## ACTION ITEM
I would like every line of the records below that contains the word "Style" copied.

━━━ TASK DATA

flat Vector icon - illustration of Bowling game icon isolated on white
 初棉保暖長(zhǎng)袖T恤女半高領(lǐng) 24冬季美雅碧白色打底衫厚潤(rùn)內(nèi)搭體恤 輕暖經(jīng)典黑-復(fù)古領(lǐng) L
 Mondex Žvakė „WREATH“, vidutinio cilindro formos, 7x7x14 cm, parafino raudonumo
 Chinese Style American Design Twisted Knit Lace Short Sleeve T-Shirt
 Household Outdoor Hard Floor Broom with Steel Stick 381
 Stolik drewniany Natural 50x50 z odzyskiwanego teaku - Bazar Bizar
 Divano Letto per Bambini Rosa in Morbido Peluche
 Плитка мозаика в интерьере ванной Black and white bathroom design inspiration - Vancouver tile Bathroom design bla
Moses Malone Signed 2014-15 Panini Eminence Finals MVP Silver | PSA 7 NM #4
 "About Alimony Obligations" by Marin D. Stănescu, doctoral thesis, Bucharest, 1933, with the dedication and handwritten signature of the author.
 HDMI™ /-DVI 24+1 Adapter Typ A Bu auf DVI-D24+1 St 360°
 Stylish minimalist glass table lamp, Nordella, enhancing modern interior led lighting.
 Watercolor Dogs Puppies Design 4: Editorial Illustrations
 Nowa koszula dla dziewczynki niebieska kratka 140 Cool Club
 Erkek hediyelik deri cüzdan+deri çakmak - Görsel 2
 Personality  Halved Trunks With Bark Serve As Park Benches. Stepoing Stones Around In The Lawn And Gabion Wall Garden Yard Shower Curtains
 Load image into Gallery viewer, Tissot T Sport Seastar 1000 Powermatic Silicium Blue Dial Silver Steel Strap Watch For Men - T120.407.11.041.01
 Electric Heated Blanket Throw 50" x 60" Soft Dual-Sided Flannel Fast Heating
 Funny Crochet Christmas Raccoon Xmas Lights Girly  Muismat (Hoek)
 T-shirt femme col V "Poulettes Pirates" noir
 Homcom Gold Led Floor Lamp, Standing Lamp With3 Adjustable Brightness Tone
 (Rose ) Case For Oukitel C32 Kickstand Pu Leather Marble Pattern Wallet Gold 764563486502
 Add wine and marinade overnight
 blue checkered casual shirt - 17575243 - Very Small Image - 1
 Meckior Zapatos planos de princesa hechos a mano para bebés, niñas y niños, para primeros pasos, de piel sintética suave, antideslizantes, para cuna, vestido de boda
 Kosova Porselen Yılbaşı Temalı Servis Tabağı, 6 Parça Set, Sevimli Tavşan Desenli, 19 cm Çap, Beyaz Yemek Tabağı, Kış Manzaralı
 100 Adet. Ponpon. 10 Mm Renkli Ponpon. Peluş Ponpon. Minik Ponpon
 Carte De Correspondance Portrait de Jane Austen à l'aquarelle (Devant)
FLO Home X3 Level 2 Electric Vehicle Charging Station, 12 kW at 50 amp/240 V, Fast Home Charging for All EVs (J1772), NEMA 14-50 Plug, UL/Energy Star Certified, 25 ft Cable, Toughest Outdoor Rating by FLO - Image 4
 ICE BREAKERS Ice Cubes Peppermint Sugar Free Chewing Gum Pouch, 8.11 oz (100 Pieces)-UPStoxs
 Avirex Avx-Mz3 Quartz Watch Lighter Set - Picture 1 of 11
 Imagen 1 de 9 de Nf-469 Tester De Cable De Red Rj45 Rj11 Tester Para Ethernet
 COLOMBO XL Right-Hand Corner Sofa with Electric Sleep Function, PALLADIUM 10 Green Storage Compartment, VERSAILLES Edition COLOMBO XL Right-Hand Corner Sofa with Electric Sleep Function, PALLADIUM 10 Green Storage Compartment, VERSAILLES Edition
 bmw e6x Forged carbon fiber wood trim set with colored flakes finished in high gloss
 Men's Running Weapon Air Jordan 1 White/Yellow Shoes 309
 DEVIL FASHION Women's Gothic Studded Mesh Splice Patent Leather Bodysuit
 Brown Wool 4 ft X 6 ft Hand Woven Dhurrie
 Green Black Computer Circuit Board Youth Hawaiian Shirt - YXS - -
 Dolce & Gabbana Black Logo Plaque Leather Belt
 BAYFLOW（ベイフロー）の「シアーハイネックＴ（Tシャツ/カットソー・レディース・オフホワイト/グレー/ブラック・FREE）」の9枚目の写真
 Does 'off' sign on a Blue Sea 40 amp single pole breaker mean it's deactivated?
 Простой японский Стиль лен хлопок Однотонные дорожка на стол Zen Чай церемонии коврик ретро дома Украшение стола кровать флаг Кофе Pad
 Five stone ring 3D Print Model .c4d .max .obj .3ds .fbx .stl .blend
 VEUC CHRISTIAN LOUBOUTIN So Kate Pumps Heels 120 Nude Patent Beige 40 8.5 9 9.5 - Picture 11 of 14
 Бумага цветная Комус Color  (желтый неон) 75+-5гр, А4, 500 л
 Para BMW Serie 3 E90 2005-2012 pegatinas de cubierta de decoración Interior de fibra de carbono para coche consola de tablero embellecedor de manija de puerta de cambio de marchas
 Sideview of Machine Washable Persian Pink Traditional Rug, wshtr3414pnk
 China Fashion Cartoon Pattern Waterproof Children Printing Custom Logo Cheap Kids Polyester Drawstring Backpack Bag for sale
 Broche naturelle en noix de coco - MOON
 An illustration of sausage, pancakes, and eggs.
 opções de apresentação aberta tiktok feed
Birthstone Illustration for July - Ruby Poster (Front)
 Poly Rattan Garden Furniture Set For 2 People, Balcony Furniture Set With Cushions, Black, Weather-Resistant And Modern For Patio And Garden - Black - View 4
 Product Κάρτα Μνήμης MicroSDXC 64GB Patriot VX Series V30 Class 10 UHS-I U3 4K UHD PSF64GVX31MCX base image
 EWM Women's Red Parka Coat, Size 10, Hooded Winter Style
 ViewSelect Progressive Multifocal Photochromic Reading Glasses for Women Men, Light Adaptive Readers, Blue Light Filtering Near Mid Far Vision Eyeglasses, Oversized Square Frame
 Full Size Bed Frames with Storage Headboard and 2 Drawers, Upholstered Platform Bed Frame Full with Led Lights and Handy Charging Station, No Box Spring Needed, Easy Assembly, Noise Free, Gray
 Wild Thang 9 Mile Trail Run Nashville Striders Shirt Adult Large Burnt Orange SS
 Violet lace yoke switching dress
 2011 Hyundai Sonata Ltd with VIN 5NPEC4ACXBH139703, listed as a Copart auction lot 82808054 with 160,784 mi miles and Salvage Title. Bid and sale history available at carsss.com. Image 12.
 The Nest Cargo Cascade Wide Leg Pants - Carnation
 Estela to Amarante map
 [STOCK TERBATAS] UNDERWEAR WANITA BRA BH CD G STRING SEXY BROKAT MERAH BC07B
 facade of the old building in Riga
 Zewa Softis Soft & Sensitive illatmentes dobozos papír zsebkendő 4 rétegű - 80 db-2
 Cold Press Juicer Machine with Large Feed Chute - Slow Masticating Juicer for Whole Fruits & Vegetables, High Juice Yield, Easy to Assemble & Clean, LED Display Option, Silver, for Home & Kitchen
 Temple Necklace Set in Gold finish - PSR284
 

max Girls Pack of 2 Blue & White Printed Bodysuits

━━━━━━

## TASK ANSWER
 Chinese Style American Design Twisted Knit Lace Short Sleeve T-Shirt
 EWM Women's Red Parka Coat, Size 10, Hooded Winter Style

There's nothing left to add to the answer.